Я обвёл взглядом палату — новенькую, отремонтированную. «Ви-ай-пи». Поначалу нас положили в обычную, с ободранными стенами и койками в коридоре. Но Виктор Егорович быстро всё организовал.
— Что вы пристали? — вмешался Джавад. — Не помним мы ничего, ясно?
— Очнулся? — резко обернулся к нему Северов. — Я очень рад. Джавад, прими мои самые искренние…
— Уходите, — глухо сказал Джавад. — Я с вами разговаривать не буду.
— Я понимаю твое состояние. — Северов нахмурился и потёр лоб. — Но поверь, Штерн действовал исключительно…
— Валите на него, конечно. — Джавад криво усмехнулся. — А сами, как обычно, ни при чём.
Он отвернулся к стене и замолк. В углу пискнул монитор.

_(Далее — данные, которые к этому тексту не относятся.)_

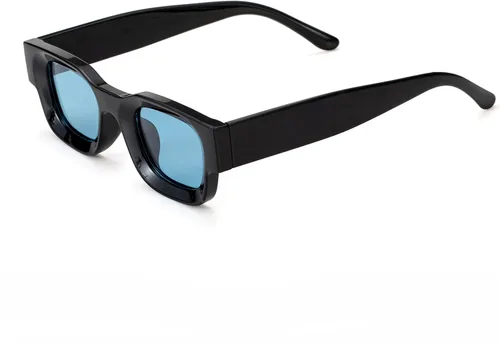 Vista 3 de Lentes de sol polarizados rectangulares retro para cara pequeña, para mujeres y hombres, con marco grueso, cuadrados, con protección UV400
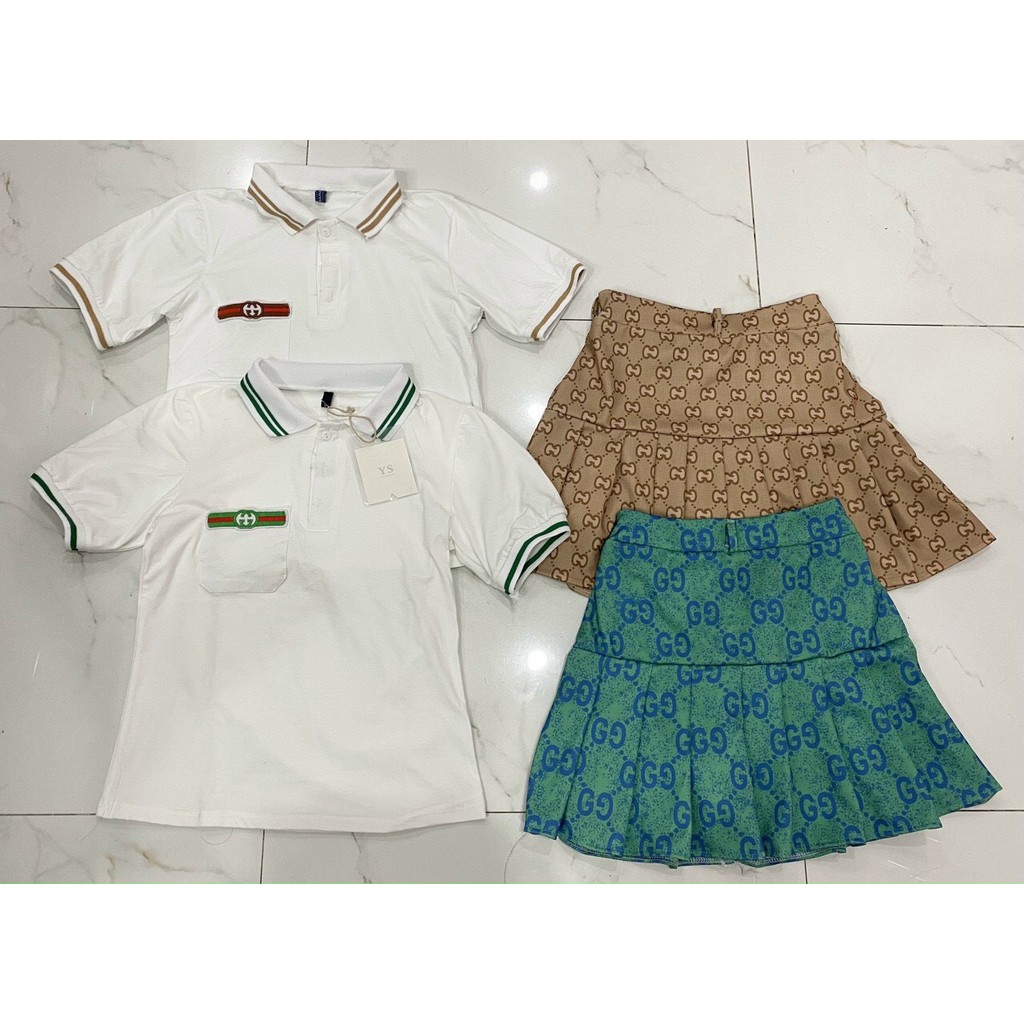 Sét bộ áo tag ngực cộc cổ bẻ chân váy xinh cá tính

— Никита? — тихо спросил Северов.
— Я устал, Виктор Егорович. Давайте в другой раз.
Северов помолчал, потом хлопнул себя по коленям и поднялся:
— В другой — так в другой. Поправляйтесь. Я ещё зайду.
Я не думал, что Джавад будет со мной разговаривать. Но как только закрылась дверь, он сказал:
— Прощения просит, шкура. За репутацию трясётся. Родителей ещё не пускают, а он уже пролез.
— Что — правда? — взъярился Джавад. — А на площадь вас кто вывел? Морды бить кто учил? Да и пистолет у него, думаешь, откуда? На улице нашёл?
— Прости. — Я шмыгнул носом. — Ты говорил, чтобы я больше так не делал, а я…
— А ты, между прочим, и не делал, — Джавад взбил подушку и улёгся повыше. — Я помню, как ты за меня рубился. Ничего не помню, а это запомнил.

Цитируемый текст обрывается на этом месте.